Problem details:
Which lines run from the start of the material below through the line containing "SNRPA Antibody in"? Retype them exactly, pictures excluded.
Start of Data to process
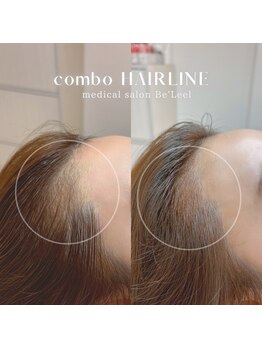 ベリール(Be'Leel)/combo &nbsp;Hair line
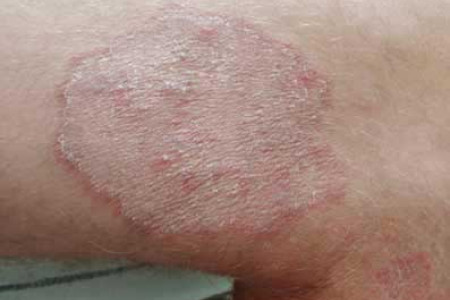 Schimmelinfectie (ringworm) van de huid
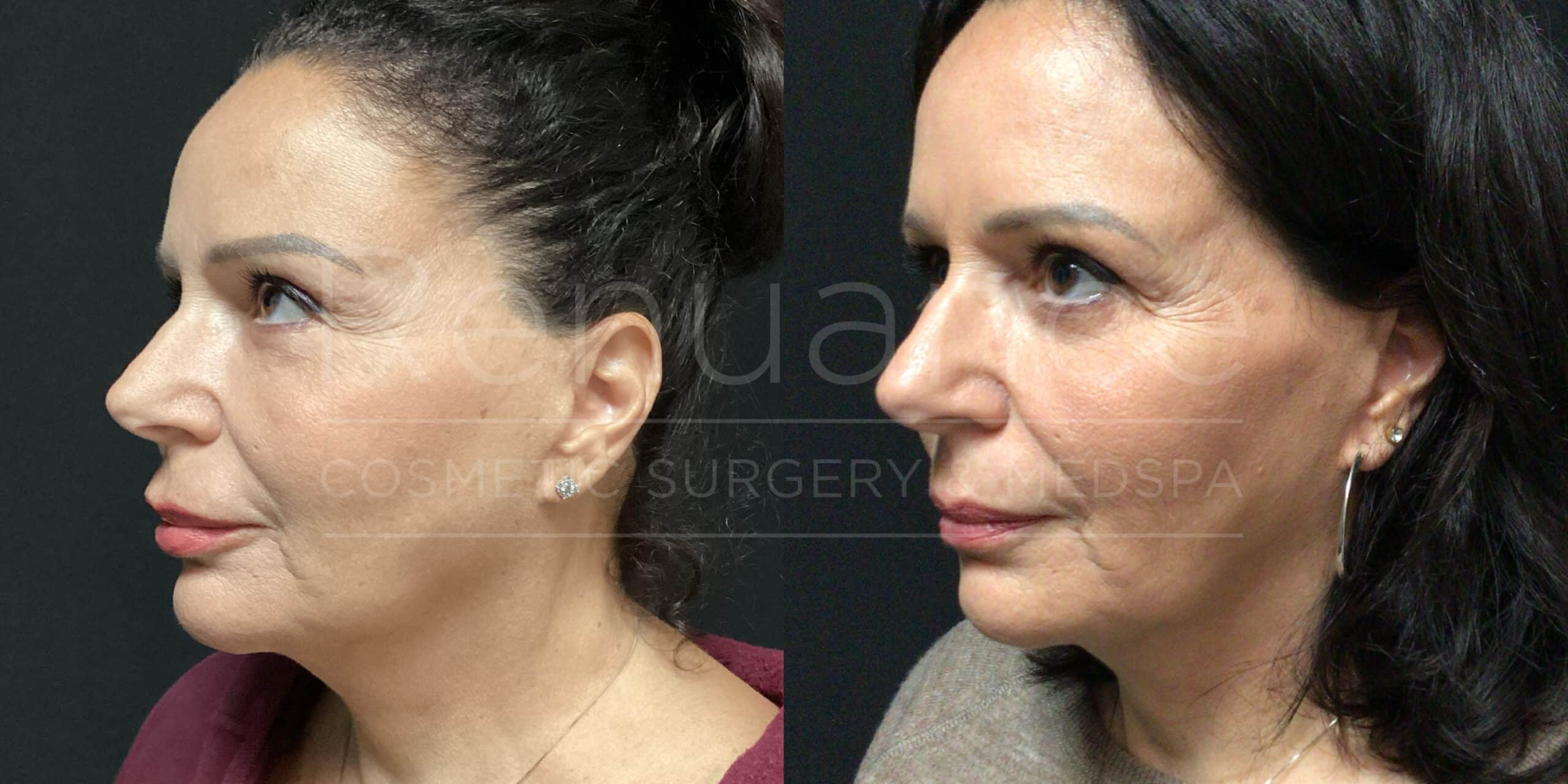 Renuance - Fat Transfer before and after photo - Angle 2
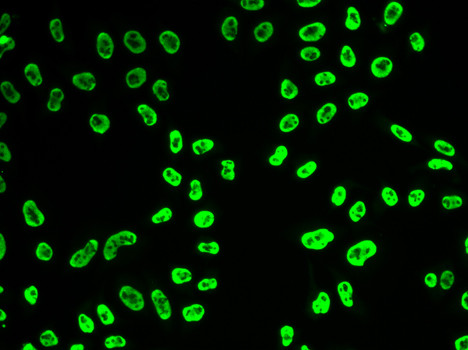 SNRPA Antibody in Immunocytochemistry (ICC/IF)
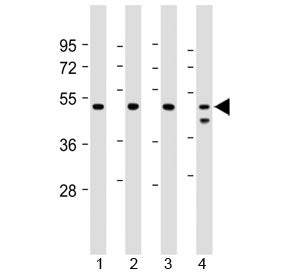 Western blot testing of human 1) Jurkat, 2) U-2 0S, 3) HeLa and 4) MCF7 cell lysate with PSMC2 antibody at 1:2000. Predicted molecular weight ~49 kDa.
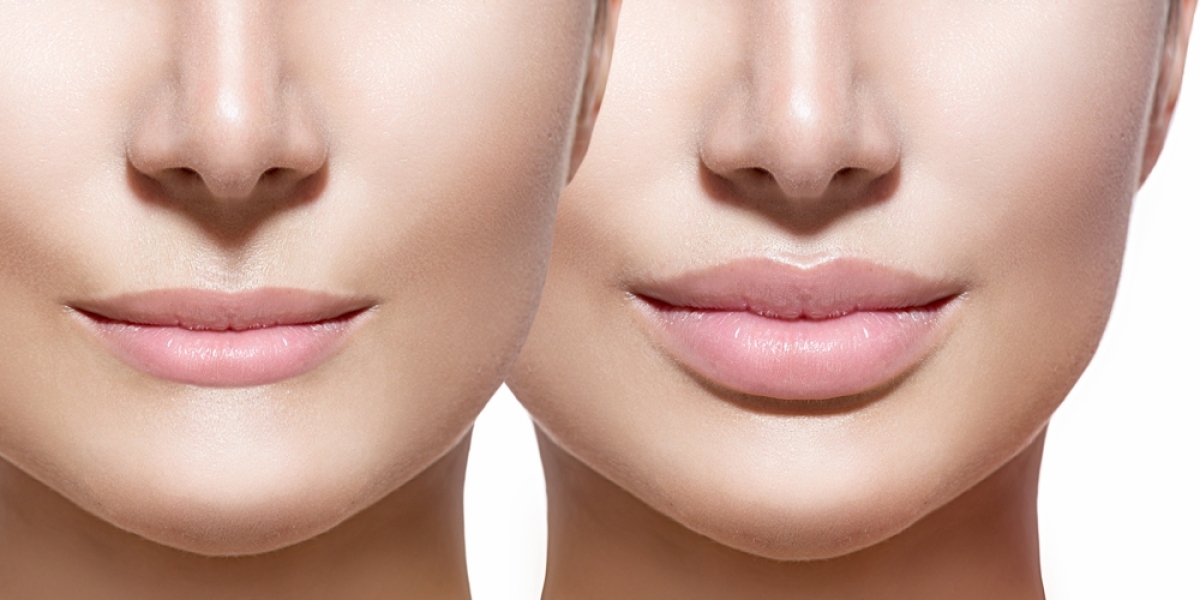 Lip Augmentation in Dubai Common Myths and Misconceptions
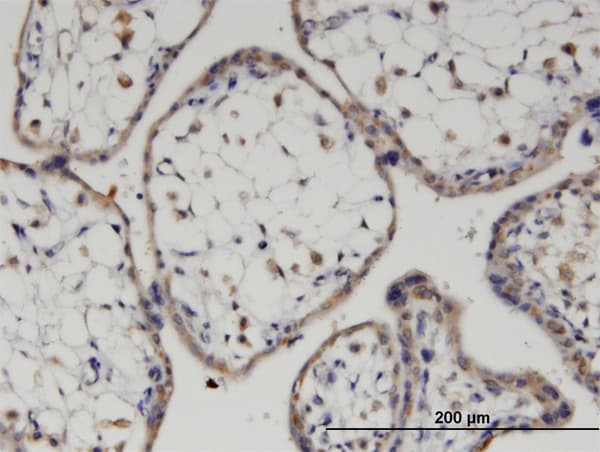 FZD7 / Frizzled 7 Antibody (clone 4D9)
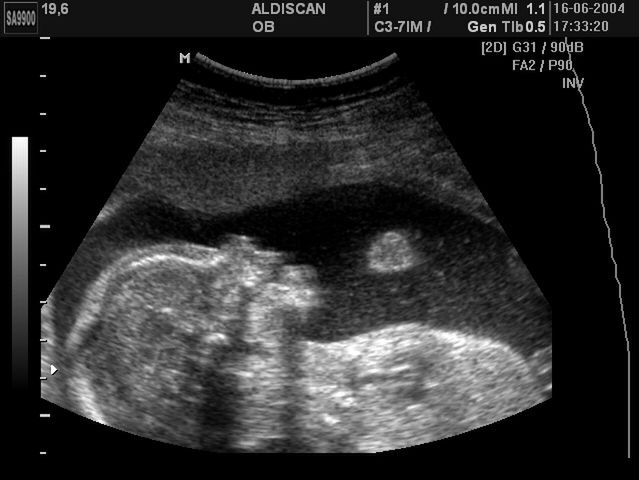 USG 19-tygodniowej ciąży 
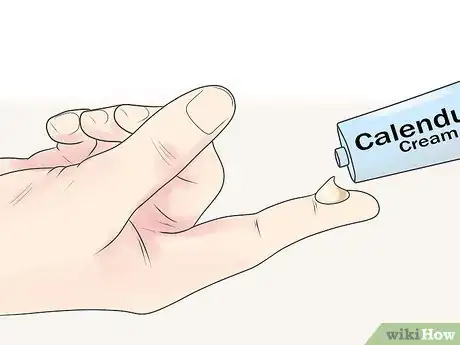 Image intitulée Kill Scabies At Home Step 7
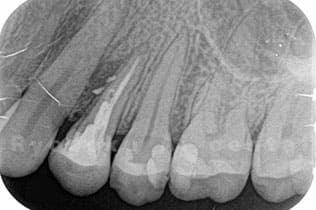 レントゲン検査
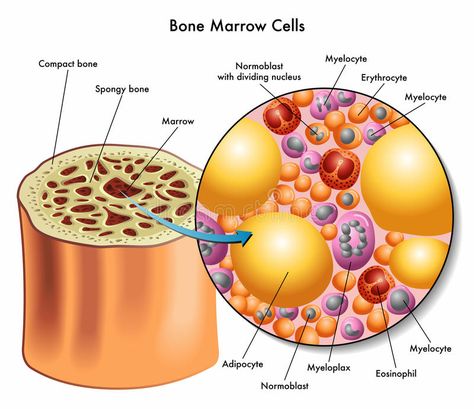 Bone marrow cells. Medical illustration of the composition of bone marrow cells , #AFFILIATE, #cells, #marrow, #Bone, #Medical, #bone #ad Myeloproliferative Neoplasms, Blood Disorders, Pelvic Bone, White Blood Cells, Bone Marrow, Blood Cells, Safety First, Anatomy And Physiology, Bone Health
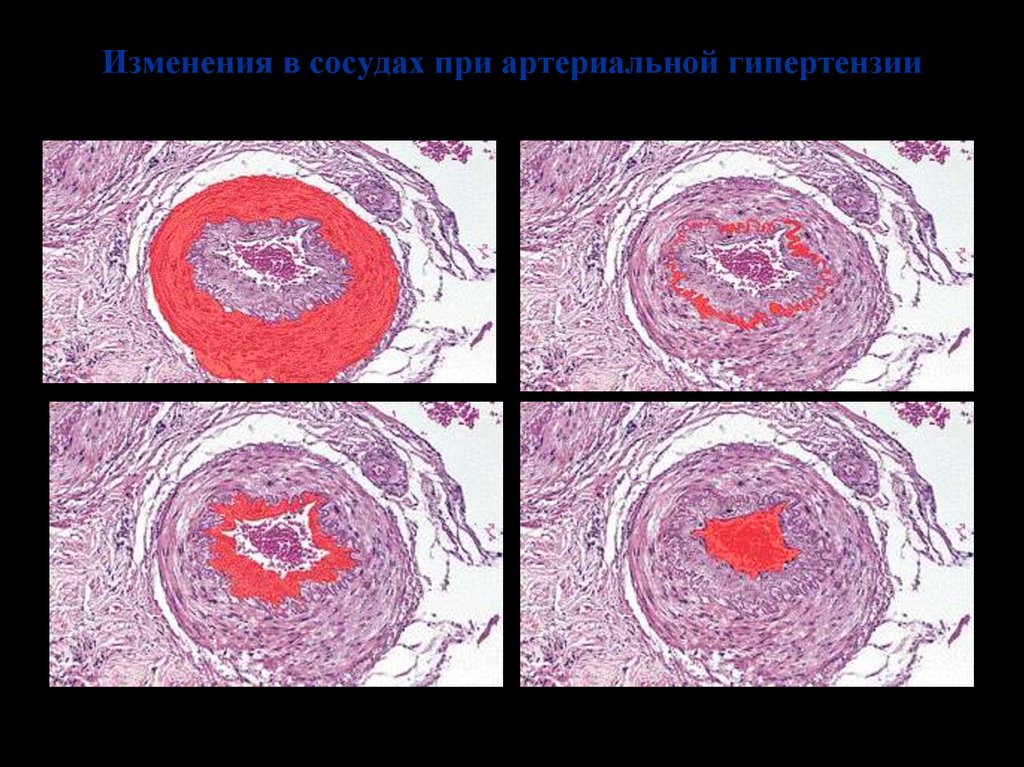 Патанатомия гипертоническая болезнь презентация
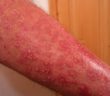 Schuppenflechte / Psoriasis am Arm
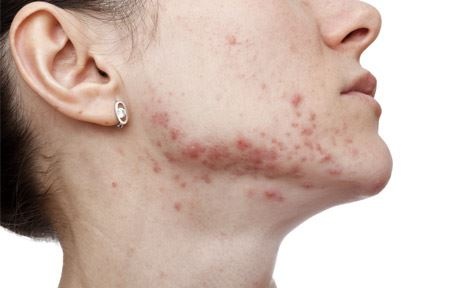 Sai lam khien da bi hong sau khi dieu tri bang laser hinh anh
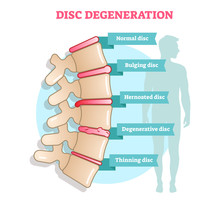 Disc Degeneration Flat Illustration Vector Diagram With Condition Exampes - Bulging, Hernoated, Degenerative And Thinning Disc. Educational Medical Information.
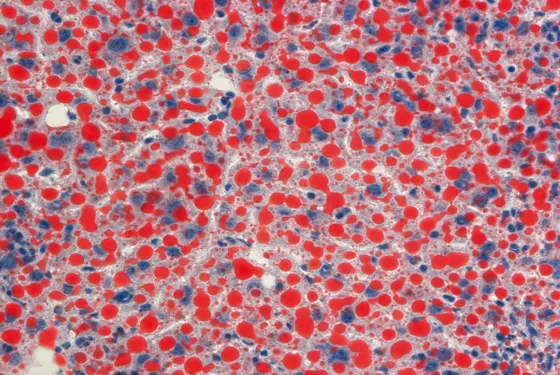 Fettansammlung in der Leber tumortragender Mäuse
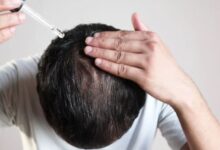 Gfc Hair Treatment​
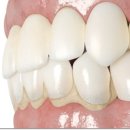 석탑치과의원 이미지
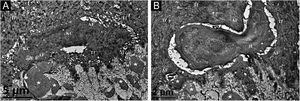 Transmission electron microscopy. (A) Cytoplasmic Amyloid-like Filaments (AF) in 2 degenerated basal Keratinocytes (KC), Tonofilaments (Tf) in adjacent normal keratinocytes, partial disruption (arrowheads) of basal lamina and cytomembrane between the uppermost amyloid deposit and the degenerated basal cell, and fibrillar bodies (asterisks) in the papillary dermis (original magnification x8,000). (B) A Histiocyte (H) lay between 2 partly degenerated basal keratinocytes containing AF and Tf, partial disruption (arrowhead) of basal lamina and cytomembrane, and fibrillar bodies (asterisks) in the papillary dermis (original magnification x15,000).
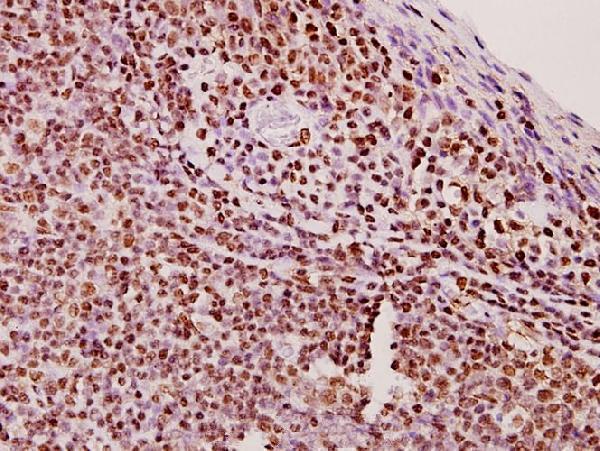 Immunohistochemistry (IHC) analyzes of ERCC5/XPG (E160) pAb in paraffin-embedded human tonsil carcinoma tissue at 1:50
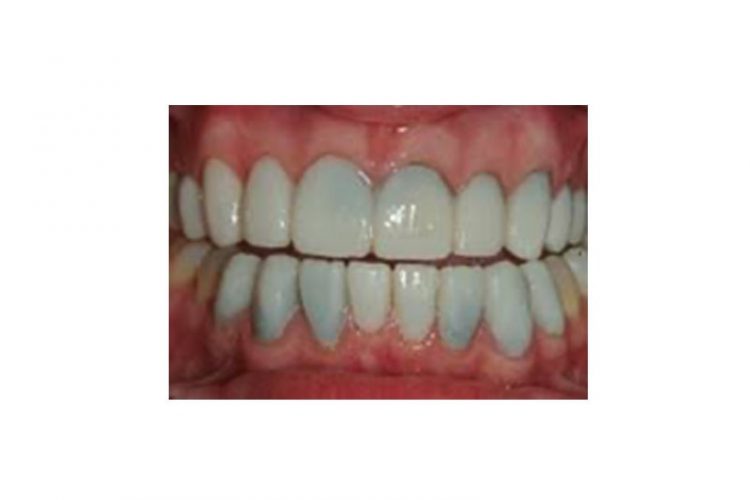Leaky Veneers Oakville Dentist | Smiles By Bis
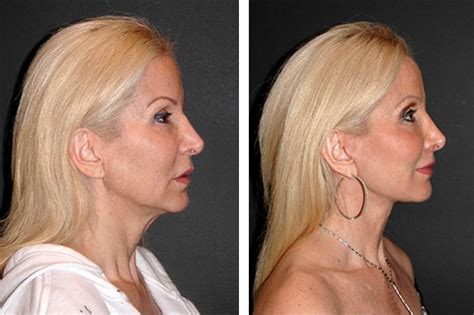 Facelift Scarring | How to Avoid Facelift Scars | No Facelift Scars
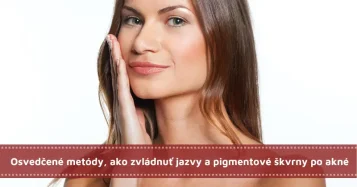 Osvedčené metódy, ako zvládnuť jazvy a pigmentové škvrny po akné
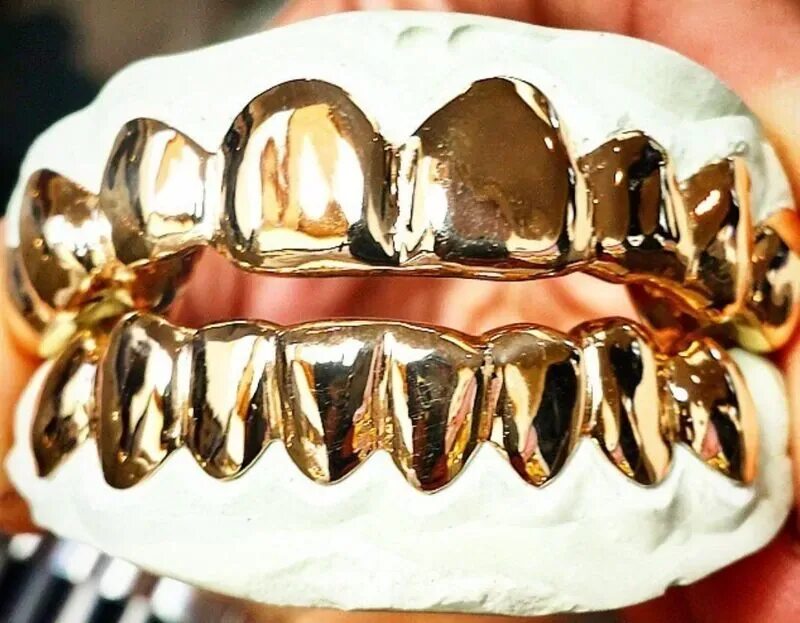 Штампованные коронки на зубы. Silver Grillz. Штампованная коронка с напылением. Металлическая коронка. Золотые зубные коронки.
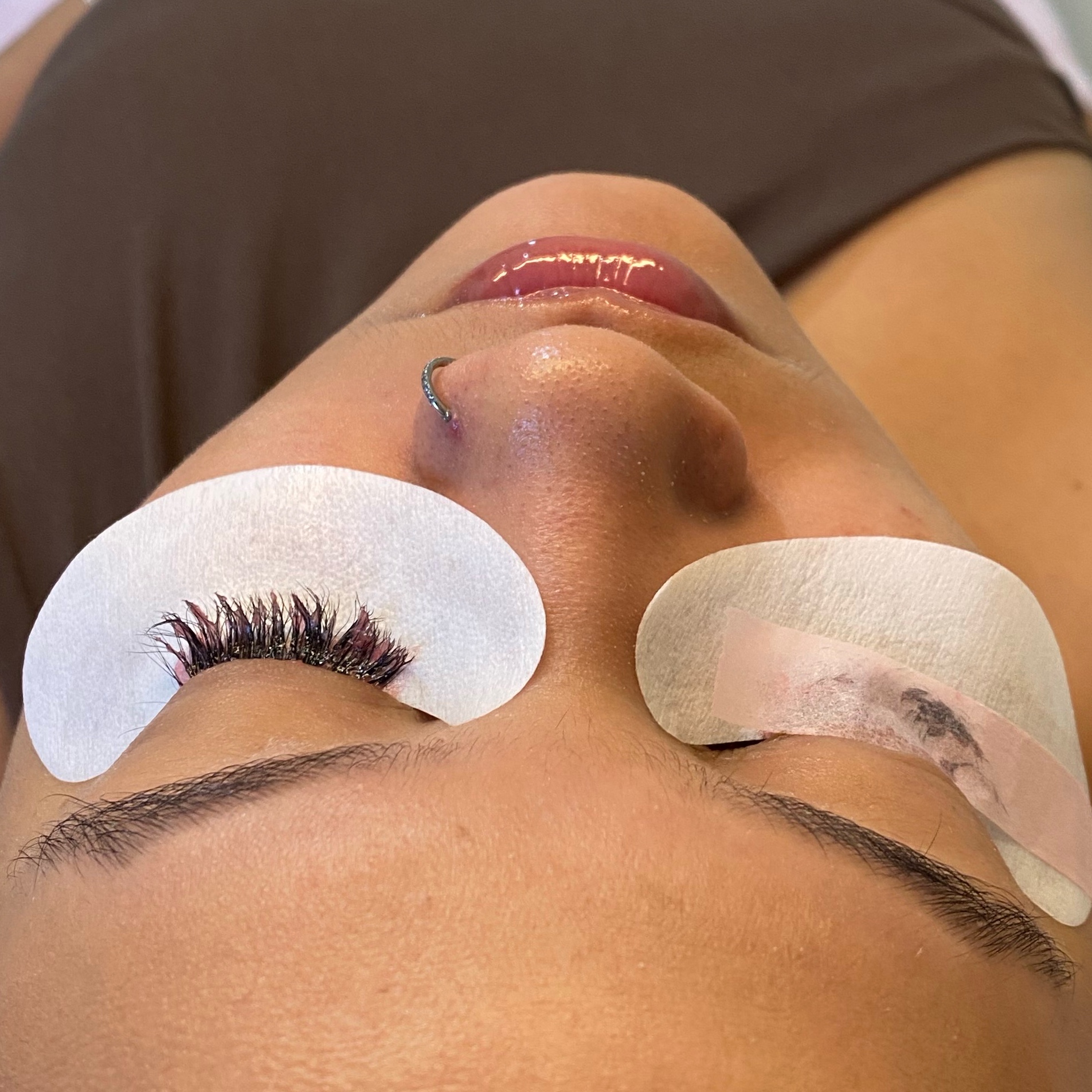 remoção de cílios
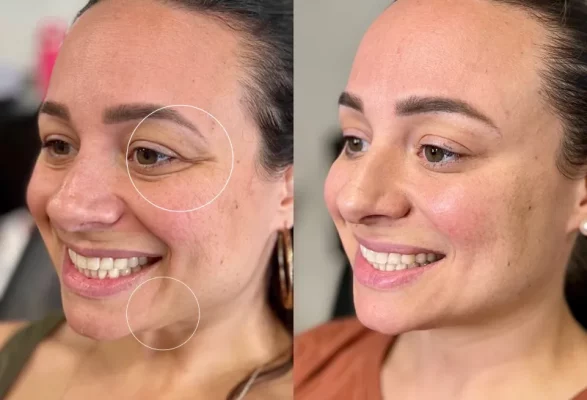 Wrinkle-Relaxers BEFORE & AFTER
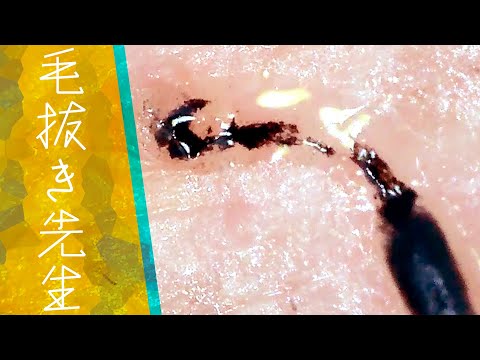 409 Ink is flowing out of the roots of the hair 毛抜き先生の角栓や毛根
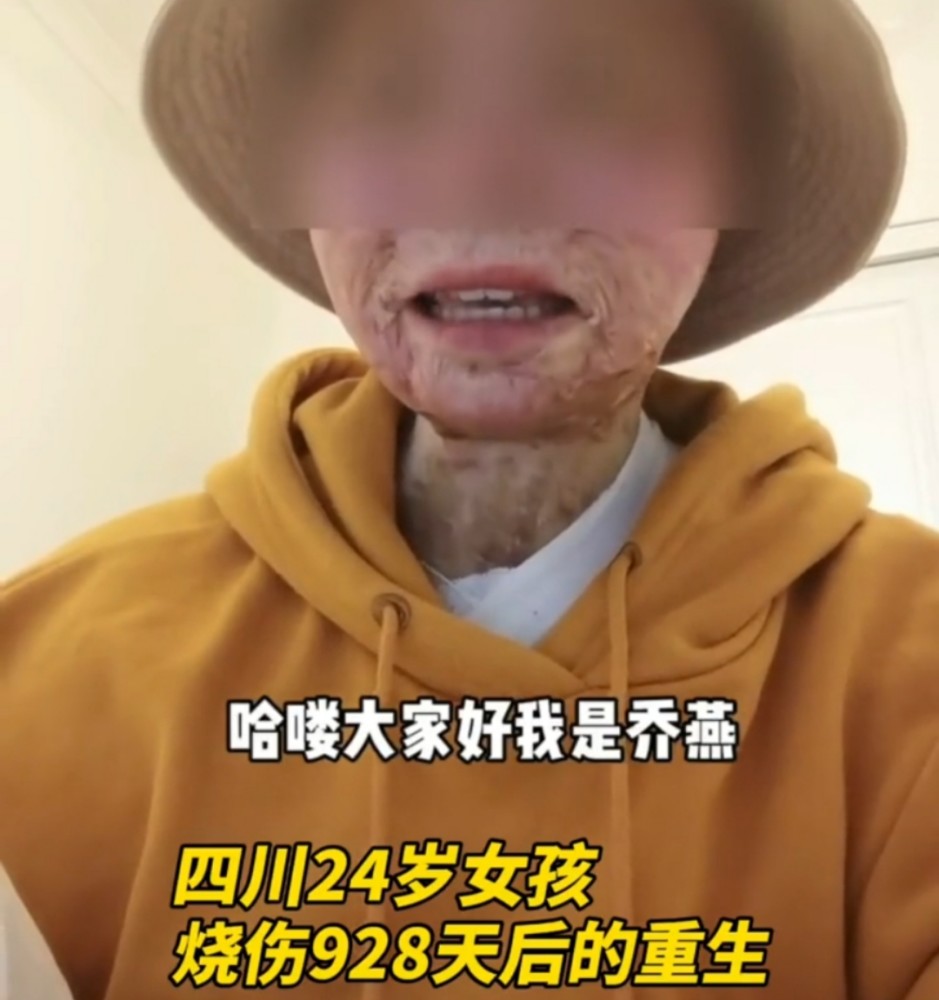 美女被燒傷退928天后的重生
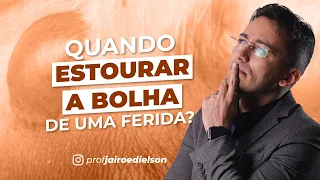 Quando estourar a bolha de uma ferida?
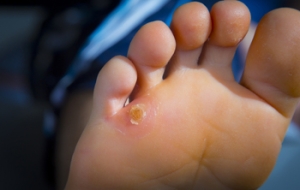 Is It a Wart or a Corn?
End of Data to process
Response to the exercise:
 ベリール(Be'Leel)/combo &nbsp;Hair line
 Schimmelinfectie (ringworm) van de huid
 Renuance - Fat Transfer before and after photo - Angle 2
 SNRPA Antibody in Immunocytochemistry (ICC/IF)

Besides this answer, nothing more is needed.